In a simplified scenario where an SQL injection attack is launched, a defensive cyber operation of INTRUSION_DETECTION can be divided into three essential subactions (and corresponding tasks): 1) block the IP address of the attacker; 2) to escalate the level of response; 3) to block all external connections and 4) redirect the incoming traffic to a honeypot for further inspection. Who can perform these actions? In the real world, cyber analysts with different responsibilities and privileges usually form a response team: for instance, we can indicate with L1, L2 and L3 the incremental levels of expertise of cyber analysts. Accordingly, 1) would only be performed by L1 analysts; 2) can only be performed by L1 analysts toward L2 analysts or by L2 toward L3; 3) can only be executed by L2 analysts and 4) only by L3. As a matter of fact, gauging which action fits better the situation is not a one-shot decision, but rather a multi-stage evaluation process where the situational awareness of cyber analysts frequently changes Also, each of those sub-actions has incremental costs and inversely proportional risks: for instance, if blocking all the connections to a web server eliminates the risks of a reiterated attack, suspending the network traffic has a severe impact on the system functionality (e.g., no data access for authorized third parties): escalation, in this context, is an effective means to prevent risk mismanagement.
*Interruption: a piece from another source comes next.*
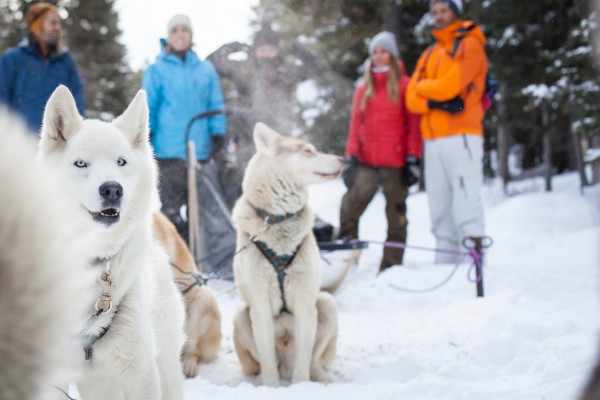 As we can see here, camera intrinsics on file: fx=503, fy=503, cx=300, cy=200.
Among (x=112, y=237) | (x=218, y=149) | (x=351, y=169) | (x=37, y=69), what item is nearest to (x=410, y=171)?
(x=351, y=169)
Although this simplified scenario gives only a partial account of the actions that actual analysts have at their disposal, using an ontology of cyber security like CRATELO to model intrusion detection can clearly represent a mean to improve situational awareness and fill the semantic gap [ 32 ] in our understanding of the cognitive demands in the cyber world. Figure 4 presents a partial view of CRATELO categories and relations used for intrusion detection.